TRY IT: With both ends included, repeat exactly the lines of the entries below from the one containing "If the water in" down to the one containing "Hi, I'm Eric", and no others.

INFORMATION GIVEN:
....................

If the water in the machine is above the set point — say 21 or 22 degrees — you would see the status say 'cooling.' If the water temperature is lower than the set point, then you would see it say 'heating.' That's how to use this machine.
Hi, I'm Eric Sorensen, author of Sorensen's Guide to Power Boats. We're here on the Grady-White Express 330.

....................

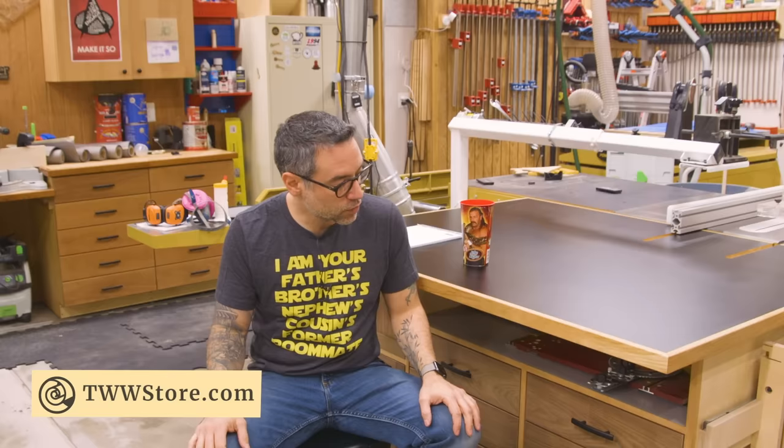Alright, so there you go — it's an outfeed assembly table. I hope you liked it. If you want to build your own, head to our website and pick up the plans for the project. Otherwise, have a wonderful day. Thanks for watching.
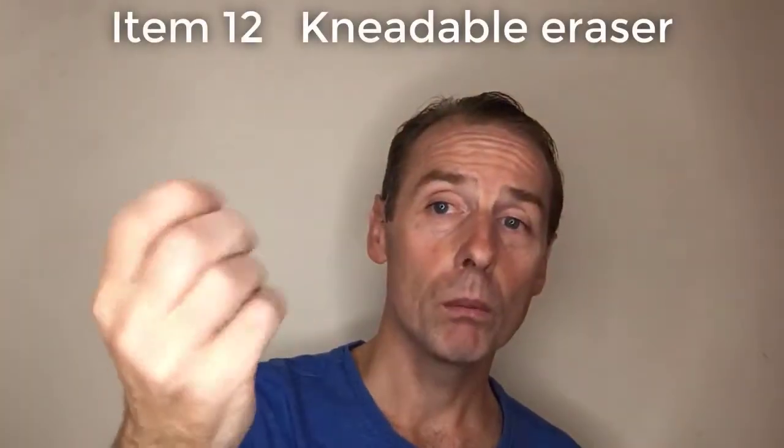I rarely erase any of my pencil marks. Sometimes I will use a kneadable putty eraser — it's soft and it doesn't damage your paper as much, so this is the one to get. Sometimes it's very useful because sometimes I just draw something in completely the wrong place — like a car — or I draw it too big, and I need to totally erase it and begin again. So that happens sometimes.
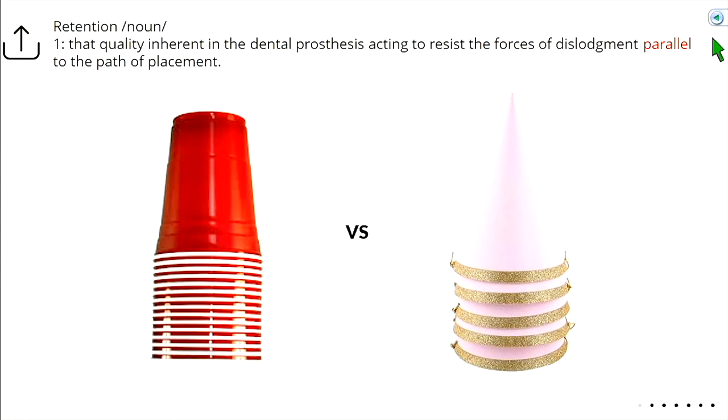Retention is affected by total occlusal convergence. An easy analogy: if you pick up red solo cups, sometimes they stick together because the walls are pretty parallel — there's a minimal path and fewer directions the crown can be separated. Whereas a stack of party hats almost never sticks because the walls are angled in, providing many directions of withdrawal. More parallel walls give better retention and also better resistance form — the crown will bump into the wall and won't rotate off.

....................

YOUR SOLUTION:
If the water in the machine is above the set point — say 21 or 22 degrees — you would see the status say 'cooling.' If the water temperature is lower than the set point, then you would see it say 'heating.' That's how to use this machine.
Hi, I'm Eric Sorensen, author of Sorensen's Guide to Power Boats. We're here on the Grady-White Express 330.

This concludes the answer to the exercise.